Freitag, 19. Januar 2018

19. Januar 2018 - Alternative Fakten: Die folgende Geschichte steckt ganz bestimmt nicht hinter diesem Foto

Alternative Fakten -
Die folgende Geschichte steckt ganz bestimmt nicht hinter diesem Foto:

Danke, Friederike!

Auf der regennassen Straße verfärbt sich das einst als Brautkleid gedachte voluminöse Gewand langsam straßengrau, und genau so ist es gedacht.

Der Schleier fehlt bereits gänzlich, denn er wurde vom Orkan "Friederike" erfasst, als die Braut in einem plötzlichen Anfall von tiefer Erkenntnis aus

der Kirche lief, Bräutigam stehen und Hochzeitsgemeinde ratlos zurück ließ, während die Brautjungfern verblüfft kichernd an einen Irrtum glaubten.

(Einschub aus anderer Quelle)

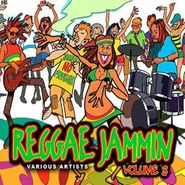 Various Artists, Reggae Jammin Volume 3 (CD)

Doch es handelte sich um kein Versehen der Braut, denn an diesem von "Friederike" dominierten Tag lernte sie kurz vor knapp ihren Bräutigam mal so richtig kennen:

Als der Orkan noch als Wind ums Haus strich, in dem beide lebten, zog er sich in eine Ecke zurück und fürchtete sich, und vor allem ängstigte ihn das, was der Wetterbericht ansonsten noch verhieß.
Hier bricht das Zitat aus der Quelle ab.